A common misperception is
that when women leave the violence ends, says Bain. "But
studies show the opposite: the violence in many cases escalates
after women leave." In some of these cases, men who have
been verbally but not physically abusive first assault their
partners after they've left - and in extreme cases, kill them.
According to a 1994 study by BCIFV consultant Mary Cooper,
up to six times as many women are killed by their husbands
after separation as while co-residing.
This danger extends to the
children: one-third of filicides occur following parental
separation. Some of these include the mother, but three-quarters
include only the children.

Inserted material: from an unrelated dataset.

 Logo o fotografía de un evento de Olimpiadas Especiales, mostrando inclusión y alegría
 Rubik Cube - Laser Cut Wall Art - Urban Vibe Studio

The danger can be so real
and present, says Vancouver lawyer Patricia Bond, that women
and children can be forced to change identities - even cutting
ties with children from previous relationships - to protect
themselves and their younger children.
The legal system provides
opportunities for abusers to continue verbally and emotionally
abusing their ex-wives during mediation, in civil court, in
criminal court, during unsupervised visitation, and during
inappropriately supervised visitation. A 1995 study in Nova
Scotia revealed 24 percent of women experienced abuse during
court-ordered access.
This, too, has a powerfully
detrimental impact on children. Studies show that children
exposed to post-separation conflict suffer more frequent and
severe adverse effects than children whose parents completely
disengage from each other. In some cases, no contact with
the abuser is the best of all options.
"The existing Divorce
Act fails to take these realities into account,"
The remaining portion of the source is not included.